Firebolt is also a decoupled storage and compute architecture that adds storage and query optimizations for 10x better performance and increased efficiency. While it does have isolated tenancy like Snowflake, it currently only runs on AWS. It also allows SQL to be run against external data formats to support ingestion. It also lets you choose any engine node type and number for each engine (cluster.)
Snowflake was one of the first decoupled storage and compute architectures, making it the first to have nearly unlimited compute scale and workload isolation, and horizontal user scalability. It runs on AWS, Azure and GCP, and while by default it is multi-tenant compute and data, it can run in a Snowflake VPC. But it only provides 1, 2, 4, … 128 node clusters with no choice of node sizes. To get the biggest nodes you need to choose the biggest cluster.

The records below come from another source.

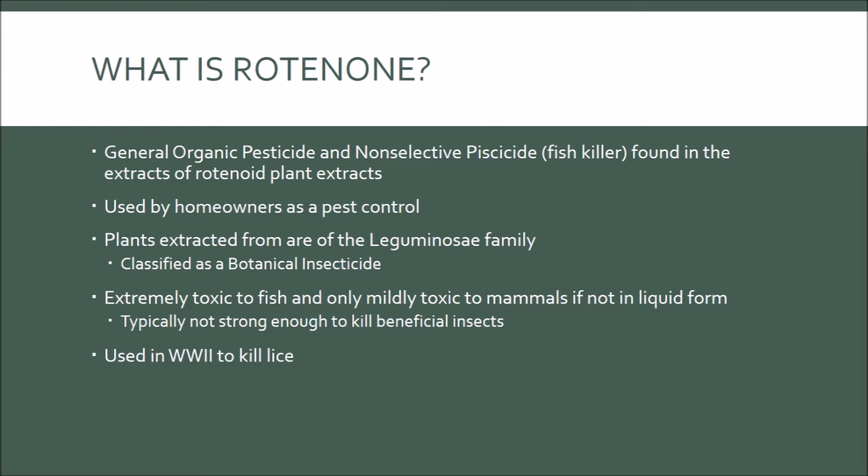When emulsified, Rotenone can become extremely potent in its liquid form, making it extremely toxic to fish. Rotenone is only mildly toxic to mammals, but if in its liquid form, it can become highly toxic. Fortunately, Rotenone is typically not powerful enough to kill beneficial insects when applied to plants. As a history side note, Rotenone was also used in World War II to kill lice.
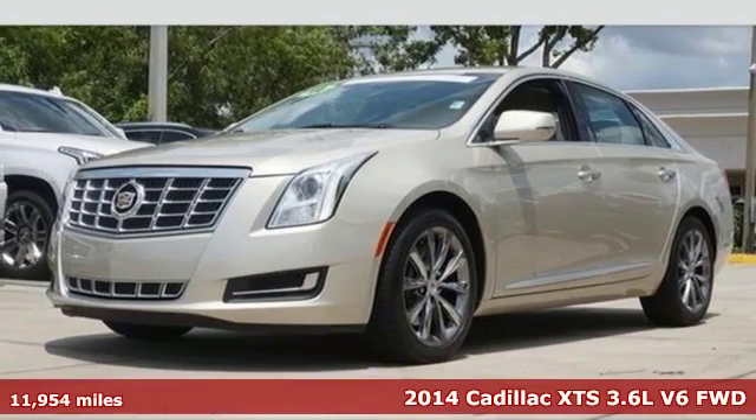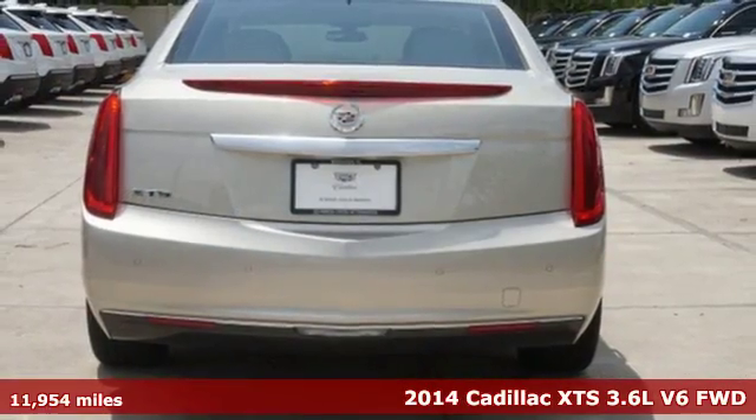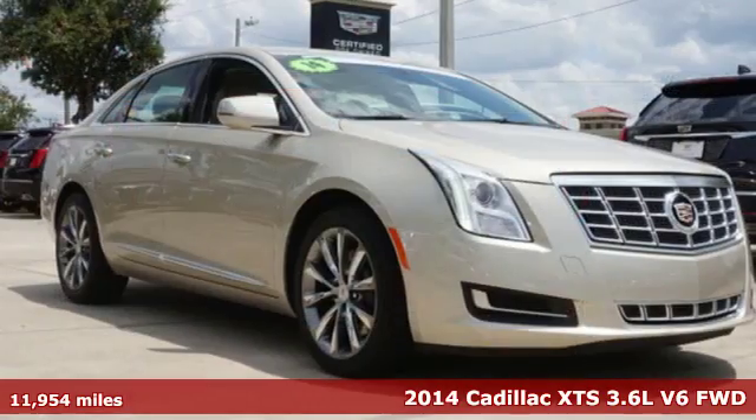Here's a 2014 Cadillac XTS. Get an exhilarating driving experience in this sculpted luxury sedan.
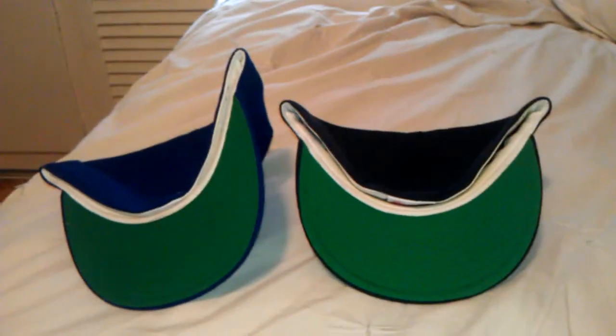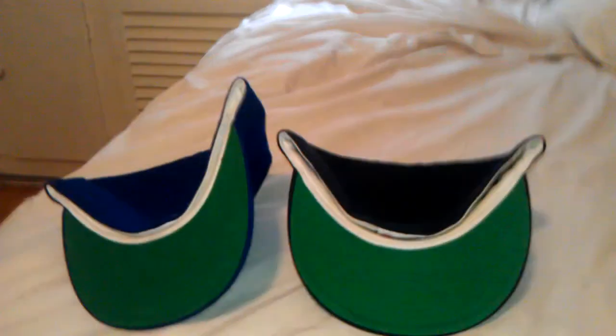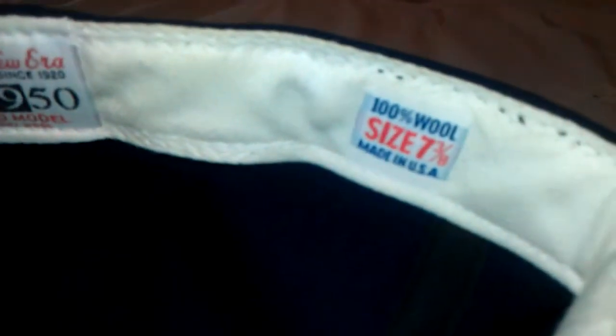Two teams both in contention here for some MLB playoff action, 2011 style. These are both the OG original fitteds, as you can tell. We've got old school tags, size 7 and 3/8ths for all you folks out there that want to have one of these.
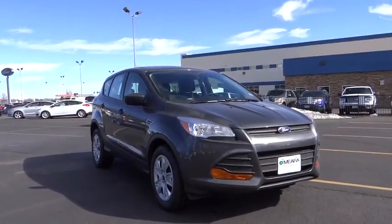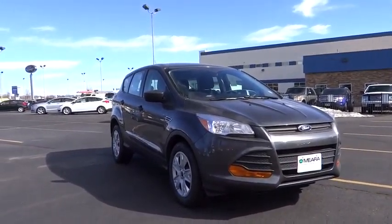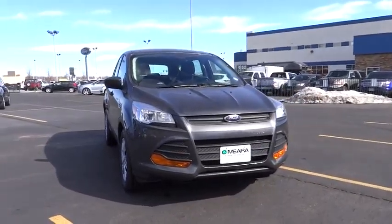2016 Escape. Gas engines flex, tow, sip, and go with Ford Escape.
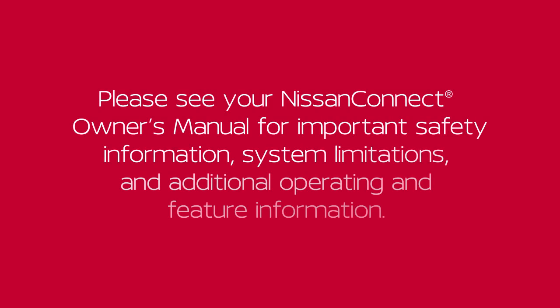Please see your Nissan Connect Owner's Manual for important safety information, system limitations, and additional operating and feature information.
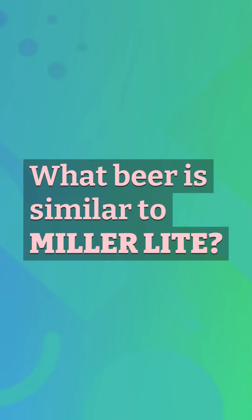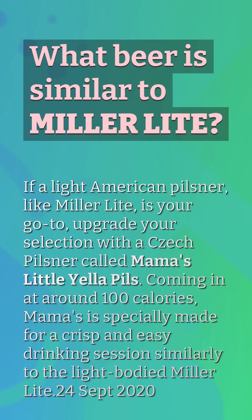What beer is similar to Miller Lite? If a light American pilsner like Miller Lite is your go-to, upgrade your selection with a Czech pilsner called Mama's Little Yellow Pils. Coming in at around 100 calories, it is especially made for a crisp and easy drinking session, similarly to the light-bodied Miller Lite.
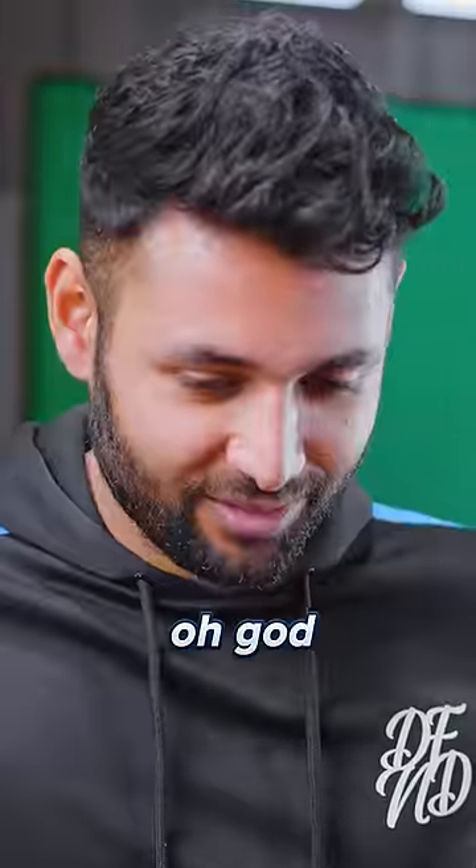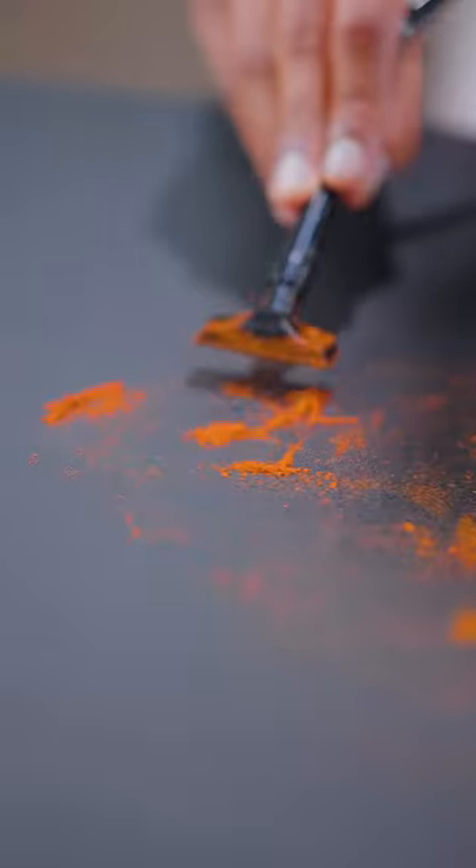So first up is hot paprika. Oh god. Not bad at all to be honest.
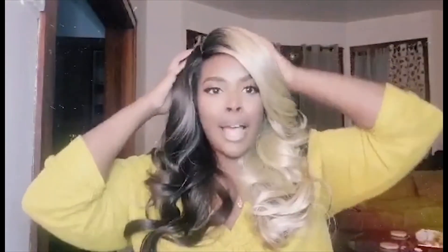Alright y'all, I am back with big sis Ophelia. Baby, if you like volume, if you like bang, she got you covered. The only thing that is a con for me — but first just look at the layers. Look at it, it's beautiful. The only con is she's a little thick right here.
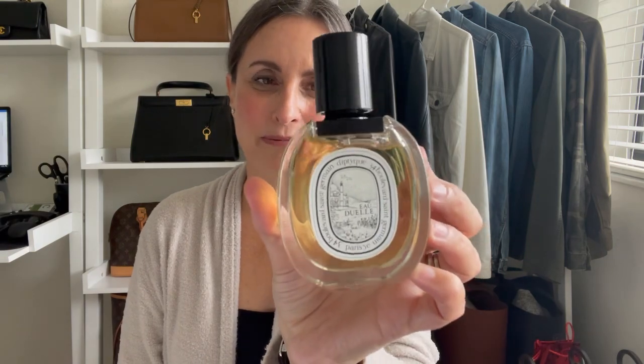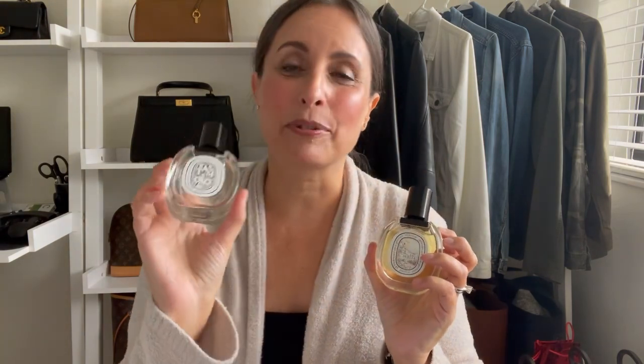Next up I have two fragrances from the House of Diptyque. I have Eau Duelle Eau de Toilette, a beautiful green vanilla scent that is a little powdery and stays very close to the skin. And I have Tam Dao, a beautiful sandalwood scent. I love to layer these two together — sandalwood and vanilla are two of my favorite fragrance notes and they pair beautifully together.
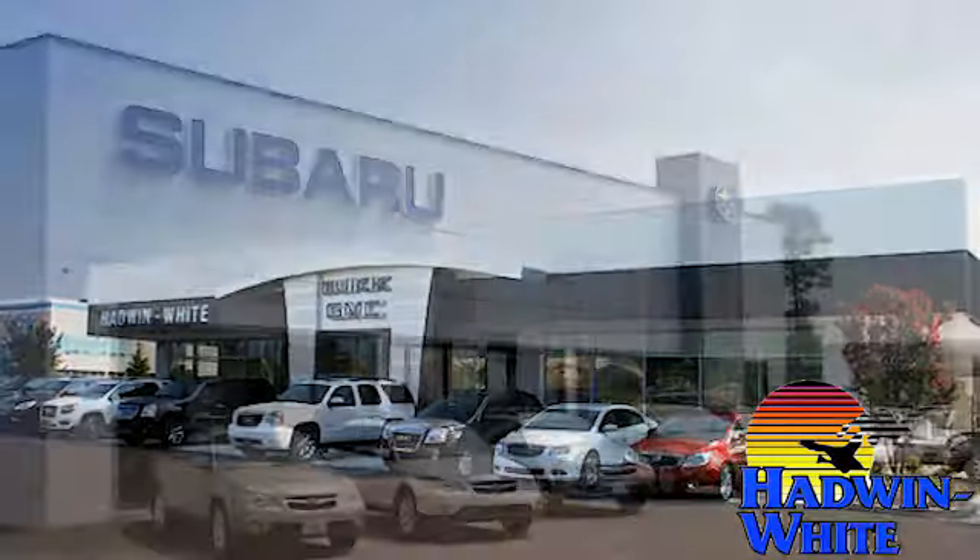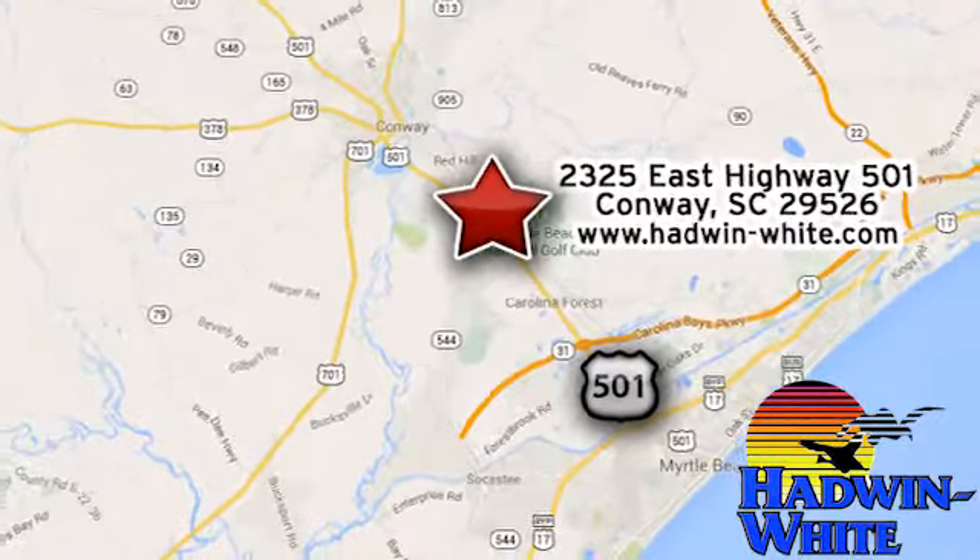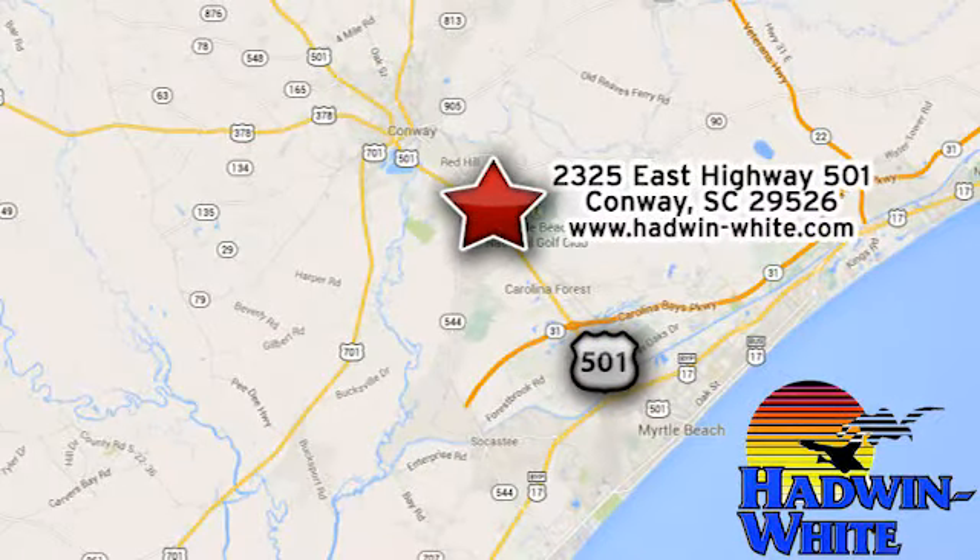Hadwin White Buick GMC Subaru. Stop in today. We're conveniently located at 2325 East Highway 501 in Conway, South Carolina.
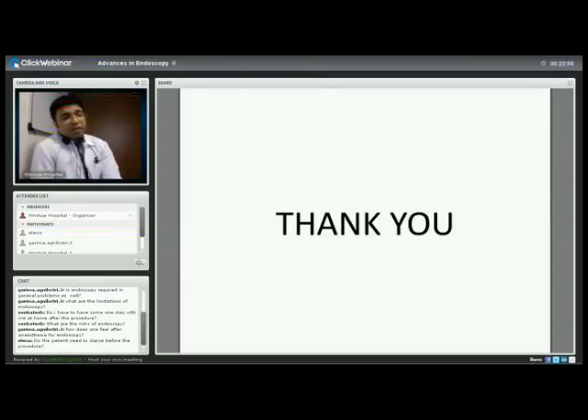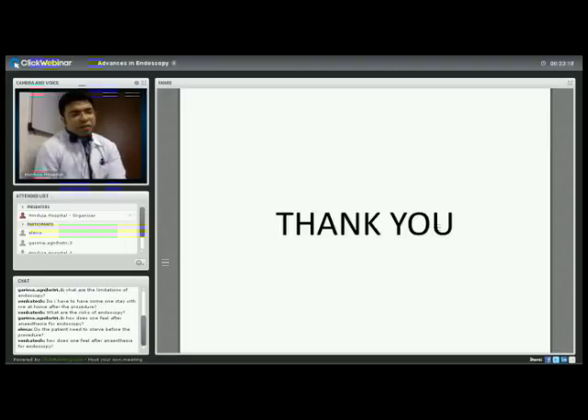Garima Agnihotri asks: how does one feel after anesthesia for endoscopy? It depends on the agent used. We generally use a combination of midazolam and fentanyl, which gives a lightheaded feeling. It is short-acting, so within half an hour you should be back to normal, though your reflexes may be affected — hence no driving for 24 hours and no use of complex machinery. Another agent, propofol, is given by the anesthetist or certified endoscopist and provides a deeper plane of anesthesia with total lack of awareness during the procedure.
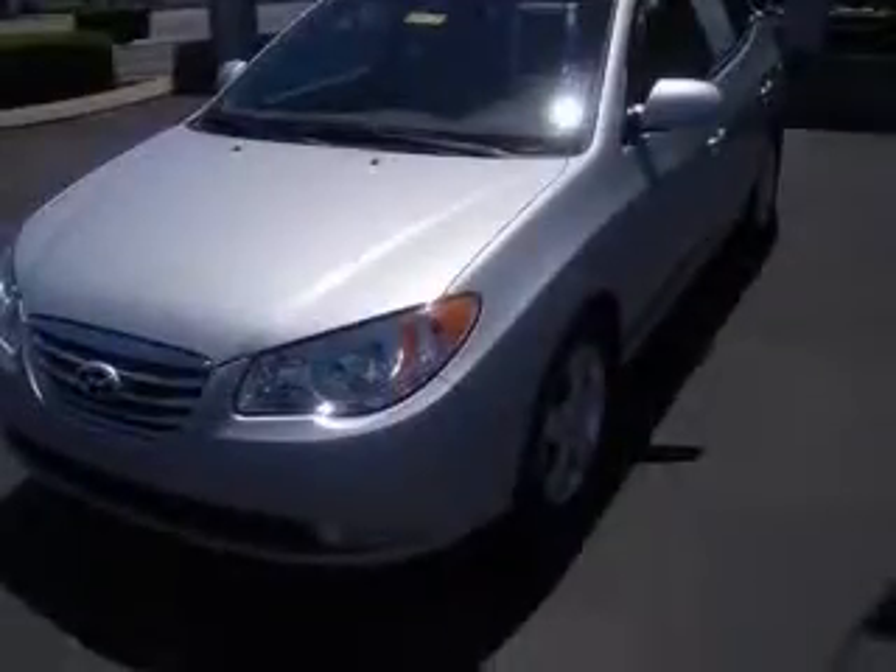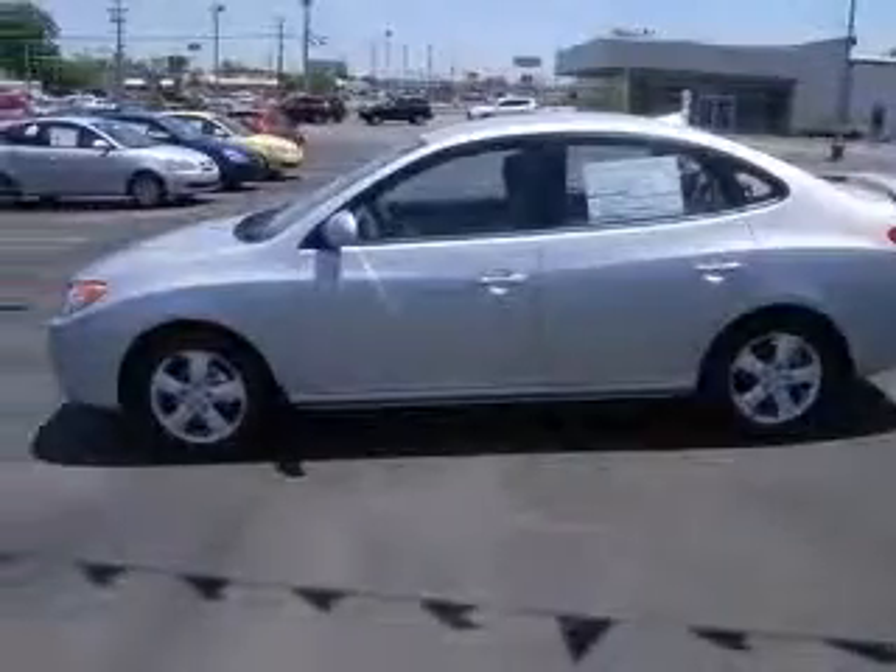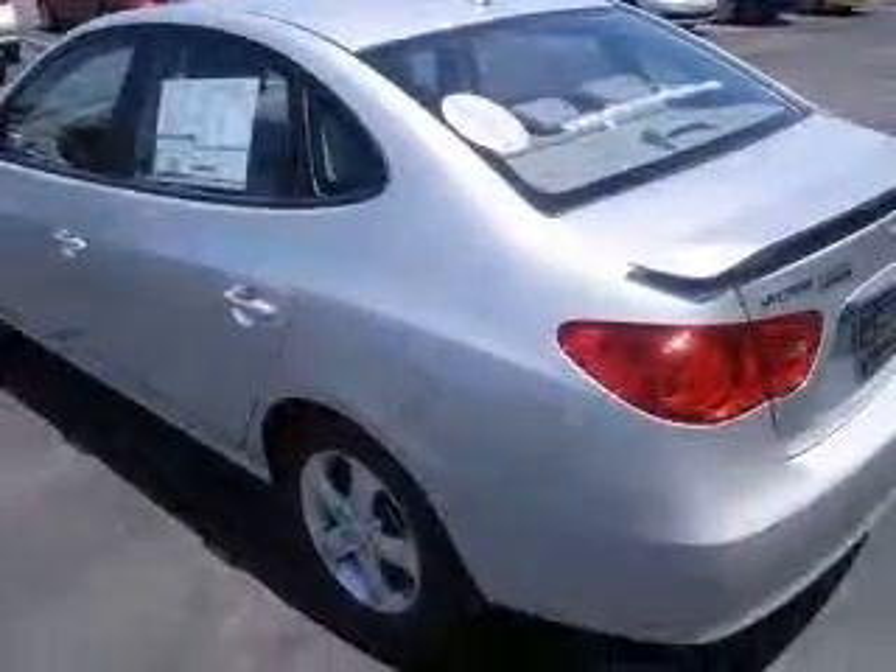This vehicle has a quicksilver exterior and includes the following options: four-wheel ABS brakes, air conditioning, audio controls on steering wheel, clock in-dash, and cruise control.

Firebolt provides the same scalability benefits of a decoupled storage and compute architecture. It improves compute efficiency through its optimizations, and by allowing the choice of any sized node and number of nodes for each cluster. It also improves write scalability and supports continuous ingestion without requiring partition rewrites for each single write. Firebolt also improves network efficiency by only accessing the data ranges needed, not entire partitions.
Snowflake delivers strong scalability with its decoupled storage and compute architecture. But it is inefficient at scaling for certain queries that require larger nodes, because the only way to get larger nodes is with larger clusters. It is better suited for batch writes and upserts as well because it requires entire micro-partitions to be rewritten for each write. Snowflake also transfers entire micro-partitions over the network, which creates a bottleneck at scale.
Firebolt has clearly demonstrated storage and compute optimization, along with indexing, make a big difference in performance. Benchmarks by Firebolt, customers and prospects have demonstrated 4-6000x performance gains across a wide range of queries compared to any of the alternatives. This comes in part from more efficient storage access, where its F3 format and remote data access only fetches the data needed, not entire partitions. Query optimization, combined with extensive indexing also make a big difference as demonstrated through specific query examples of the impact of primary, aggregating and join indexes. Choice of any size and number of nodes for each engine helps as well. Firebolt also added native semi-structured data support and continuous, low latency ingestion.
Snowflake is a perfect example of a modern storage and compute architecture that is not optimized for performance. Its data access is not optimized. Snowflake has no indexing for fetching the exact data it needs. It only keeps track of data ranges within each micro-partition, which range in size from 50 MB to 150 MB uncompressed, and can overlap. Whenever Snowflake does not have the data cached locally in the virtual warehouse, it has to fetch all of the micro-partitions that might have the data, which can take seconds or longer. While Snowflake does some query plan optimization, it does not show up in the performance of queries, which are 4-6000x slower than Firebolt in customer benchmarks. The two biggest explanations are a lack of indexing, and limited query plan optimization. However, Snowflake does provide result set caching across virtual warehouses in addition to SSD caching within each virtual warehouse. This does deliver solid performance for repetitive query workloads after the first query.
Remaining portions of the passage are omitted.